* **PROVIDED MATERIAL**:

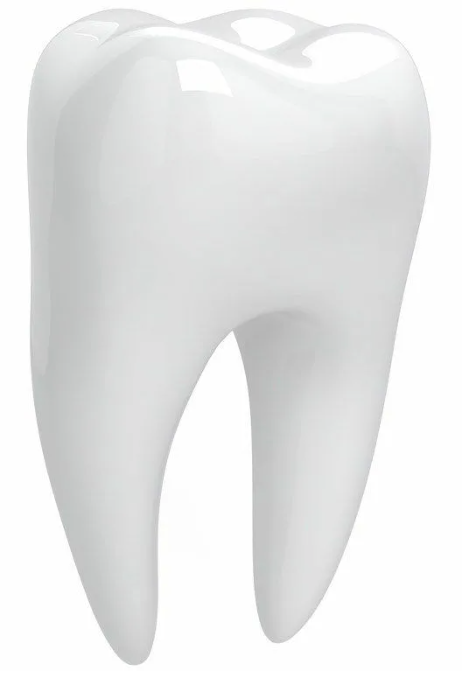 2026-08-26_170336.png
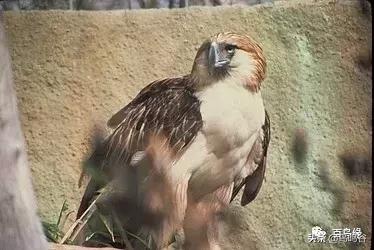 各国国鸟国宝有哪些,各国国鸟大小排名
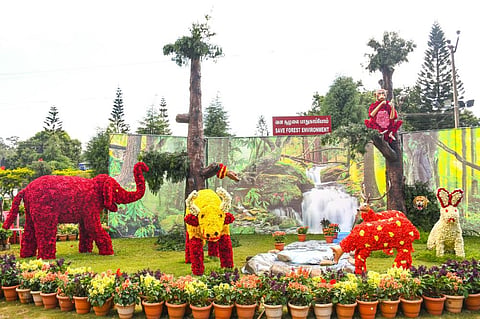 48-வது கோடை விழாவையொட்டி ஏற்காட்டில் மலர் கண்காட்சி தொடக்கம்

* **ABOUT THIS TASK**: Everything in the data except the pictures should be restated word for word.

* **ANSWER FOR THE TASK**:
 2026-08-26_170336.png
 各国国鸟国宝有哪些,各国国鸟大小排名
 48-வது கோடை விழாவையொட்டி ஏற்காட்டில் மலர் கண்காட்சி தொடக்கம்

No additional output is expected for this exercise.